Records from a dataset:
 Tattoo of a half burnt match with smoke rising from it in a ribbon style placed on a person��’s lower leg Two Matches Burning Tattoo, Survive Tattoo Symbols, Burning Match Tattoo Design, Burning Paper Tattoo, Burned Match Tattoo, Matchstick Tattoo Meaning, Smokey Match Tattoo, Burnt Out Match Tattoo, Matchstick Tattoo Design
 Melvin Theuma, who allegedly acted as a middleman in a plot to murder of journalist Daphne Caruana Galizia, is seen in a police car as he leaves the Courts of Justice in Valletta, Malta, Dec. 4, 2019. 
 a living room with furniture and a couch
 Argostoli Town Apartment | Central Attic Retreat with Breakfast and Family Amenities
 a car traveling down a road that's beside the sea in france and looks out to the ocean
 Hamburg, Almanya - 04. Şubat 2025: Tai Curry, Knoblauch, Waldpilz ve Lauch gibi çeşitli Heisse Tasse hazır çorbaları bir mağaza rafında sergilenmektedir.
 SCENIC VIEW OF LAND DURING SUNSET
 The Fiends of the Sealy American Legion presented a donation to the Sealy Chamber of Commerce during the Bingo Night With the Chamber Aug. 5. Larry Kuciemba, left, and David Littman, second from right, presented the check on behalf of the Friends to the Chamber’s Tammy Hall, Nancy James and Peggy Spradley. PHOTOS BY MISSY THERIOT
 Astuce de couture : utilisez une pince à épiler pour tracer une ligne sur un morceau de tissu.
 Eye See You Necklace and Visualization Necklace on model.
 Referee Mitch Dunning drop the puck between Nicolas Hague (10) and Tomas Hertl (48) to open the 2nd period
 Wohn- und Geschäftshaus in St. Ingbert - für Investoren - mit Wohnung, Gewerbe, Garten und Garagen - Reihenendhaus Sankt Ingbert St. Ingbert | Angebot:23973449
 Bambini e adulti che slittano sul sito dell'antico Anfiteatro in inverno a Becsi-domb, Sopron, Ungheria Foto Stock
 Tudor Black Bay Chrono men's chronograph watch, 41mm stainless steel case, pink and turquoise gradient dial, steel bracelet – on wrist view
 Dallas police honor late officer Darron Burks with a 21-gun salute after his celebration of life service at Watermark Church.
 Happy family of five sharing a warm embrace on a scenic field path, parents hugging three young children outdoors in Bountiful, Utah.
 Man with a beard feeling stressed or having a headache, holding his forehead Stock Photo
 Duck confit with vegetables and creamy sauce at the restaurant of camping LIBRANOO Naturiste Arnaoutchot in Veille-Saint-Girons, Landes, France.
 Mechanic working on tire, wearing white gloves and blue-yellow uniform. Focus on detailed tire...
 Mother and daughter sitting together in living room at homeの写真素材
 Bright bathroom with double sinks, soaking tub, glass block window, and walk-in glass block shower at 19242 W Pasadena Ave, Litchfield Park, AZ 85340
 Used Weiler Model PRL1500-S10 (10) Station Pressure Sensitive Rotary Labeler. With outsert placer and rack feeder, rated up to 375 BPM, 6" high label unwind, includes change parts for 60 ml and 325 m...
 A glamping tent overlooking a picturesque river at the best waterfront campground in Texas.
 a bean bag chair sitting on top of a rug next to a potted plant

- Task description
Starting at the line that has "a car traveling" in the records above, restate word for word every line until the one that has "Wohn- und Geschäftshaus", and include that one as well.

- Output for this exercise
 a car traveling down a road that's beside the sea in france and looks out to the ocean
 Hamburg, Almanya - 04. Şubat 2025: Tai Curry, Knoblauch, Waldpilz ve Lauch gibi çeşitli Heisse Tasse hazır çorbaları bir mağaza rafında sergilenmektedir.
 SCENIC VIEW OF LAND DURING SUNSET
 The Fiends of the Sealy American Legion presented a donation to the Sealy Chamber of Commerce during the Bingo Night With the Chamber Aug. 5. Larry Kuciemba, left, and David Littman, second from right, presented the check on behalf of the Friends to the Chamber’s Tammy Hall, Nancy James and Peggy Spradley. PHOTOS BY MISSY THERIOT
 Astuce de couture : utilisez une pince à épiler pour tracer une ligne sur un morceau de tissu.
 Eye See You Necklace and Visualization Necklace on model.
 Referee Mitch Dunning drop the puck between Nicolas Hague (10) and Tomas Hertl (48) to open the 2nd period
 Wohn- und Geschäftshaus in St. Ingbert - für Investoren - mit Wohnung, Gewerbe, Garten und Garagen - Reihenendhaus Sankt Ingbert St. Ingbert | Angebot:23973449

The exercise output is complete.